[vfio-users] An epic wall of text with questions and comments from a Xen user

Tue Dec 1 16:13:49 UTC 2015

Hello. I'm replying your mail with comments:

> The UEFI GOP needs some minimal ROM capacity in order for the manufacturer to provide it for us. I found that also when I was browsing for the UEFI for my friend’s MSI GTX 560 Ti Lightning.

Based on random comments found in Google, I don't expect Sapphire to provide anything for a 5 years old card. I have to deal with it myself.
Some of the UEFI GOP mods I saw earlier were for GPUs that had a working UEFI GOP implementation in at least a similar Video Card, as they used those ROMs as donors. In my case, the only possible donors for a Juniper may come from two Apple branded Video Cards. If I recall correctly, Apple EFI implementation for those MAC-specific Video Cards was different than that of standard UEFI GOP, but I may be wrong. Regardless, the other issue is the Flash ROM size. At some point I found some guy trying to mod his Radeon 5770, and he couldn't do it successfully since adding the UEFI GOP to the VBIOS ROM was like an additional 20 KiB, producing a 140 KiB ROM binary or so that didn't fit on the Video Card 128 KiB Flash ROM, or something around those lines.

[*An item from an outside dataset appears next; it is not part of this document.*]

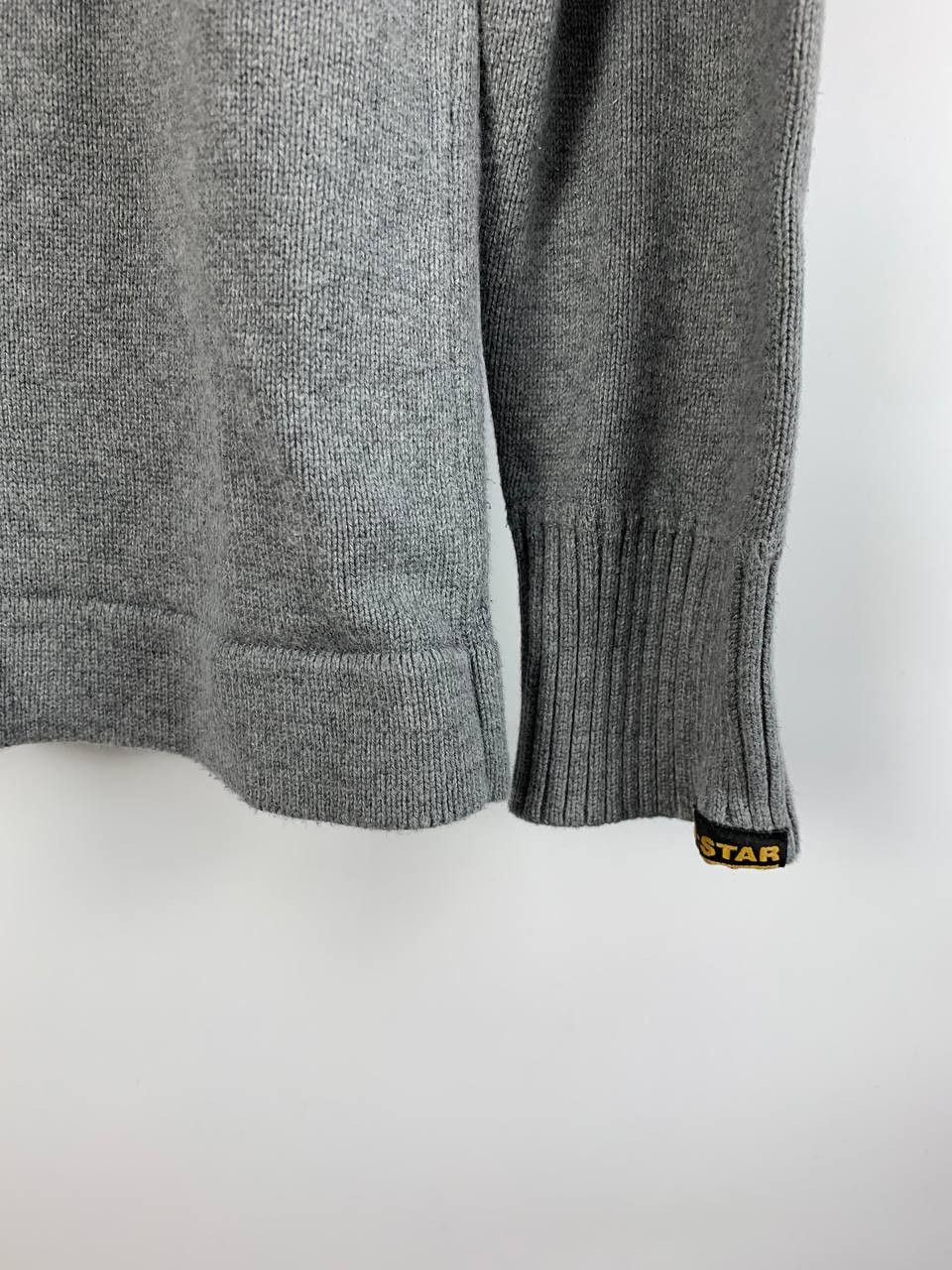G-Star Gstar / G Star Raw sweater gray M Size US M / EU 48-50 / 2 - 13 Thumbnail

Basically, Junipers don't have the spare ROM capacity to fit UEFI GOP.
Now that I think about that, it would be extremely interesing if I can sideload a bigger-than-possible ROM file using KVM, as that could workaround the physical Flash ROM size doing that. It would also make trying out VBIOS mods easier if I don't have to flash the Video Card ROM  everytime I want to try out something.

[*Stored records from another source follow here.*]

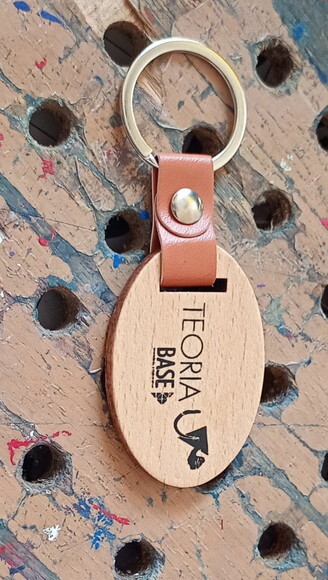 Chaveiro Madeira Personalizado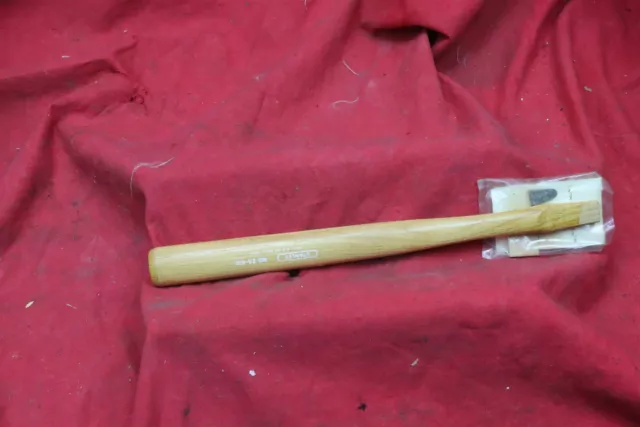 NOS Stanley 12" Ball Pein Hammer Hickory Handle 4-8 Oz. No. 25-681 Kit w. Wedges 3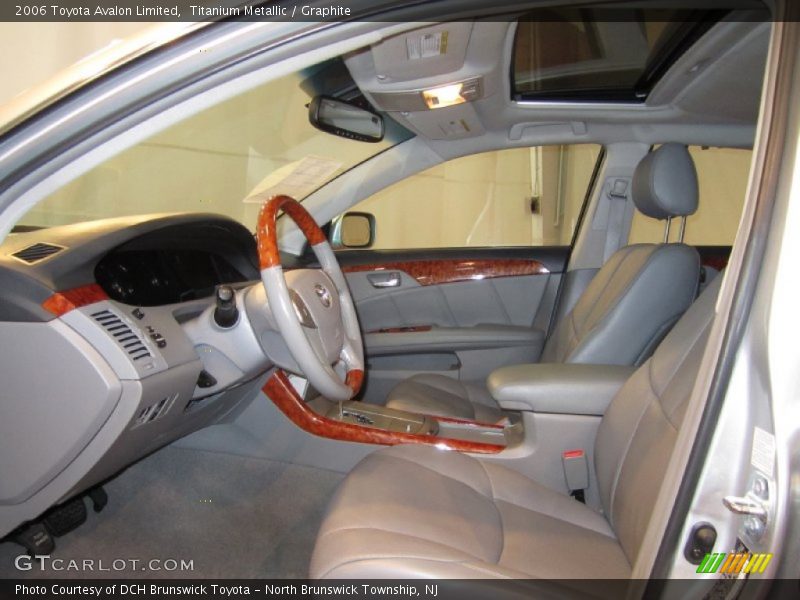 Titanium Metallic / Graphite 2006 Toyota Avalon Limited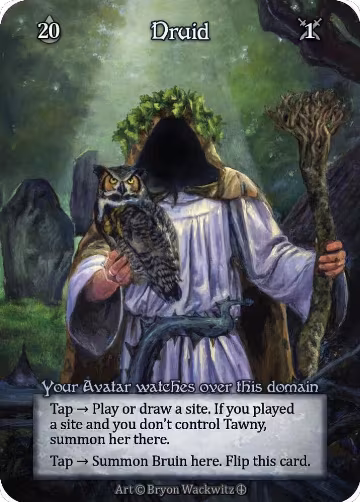 Druid (Box Topper), Arthurian Legends — Sorcery card price
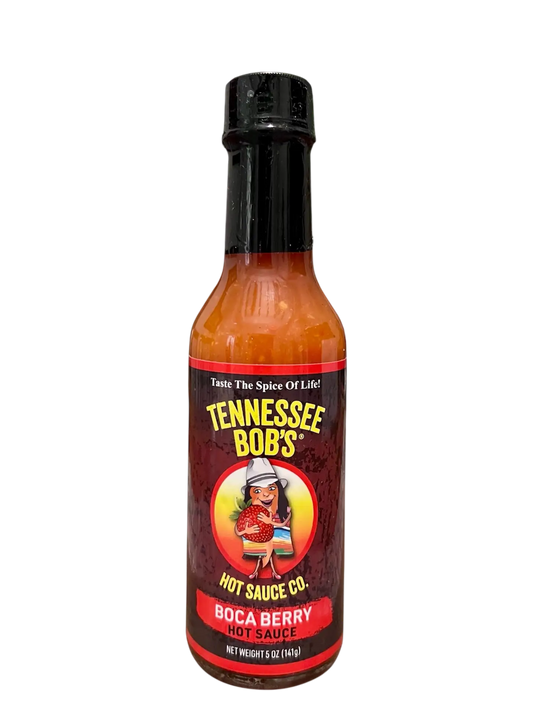 Boca Berry Sauce, Hot Sauce from tennessee bob hot sauces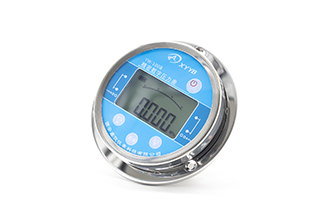 Axial Digital Pressure Gauge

> I’m interested in trying out Gentoo Linux because of this [2]. Arch Linux is great but we need to update it really often. But since I don’t have any significant issues, I’m still holding up with Arch Linux. Probably I’ll try to familiarize myself with Gentoo in my Atom machine.

You aren't forced to update AL, it can work perfectly fine indefinitely for as long as you don't update. The issues usually appear after doing so, and worsens if its after an extended time gap.
For what I read of your link, one of Gentoo advantages is to do a full OS update that doesn't stall even if there is a huge time gap. Some of the other mentioned advantages are because the author doesn't seem to be aware of Arch Build System (Anything that relies on a PKGBUILD), as you can easily recompile packages with it so you can enable the missing options or use host CPU optimizations. The rest of the advantages is in the features and versatility supported by their Package Manager, portage, vs AL's pacman. Check here:
http://blog.srvthe.net/archlinux-vs-gentoo/
...this is where Gentoo seems to crush AL. Not mentioning that proper support for multiple versions of libraries, applications or the Kernel could be extremely useful at times.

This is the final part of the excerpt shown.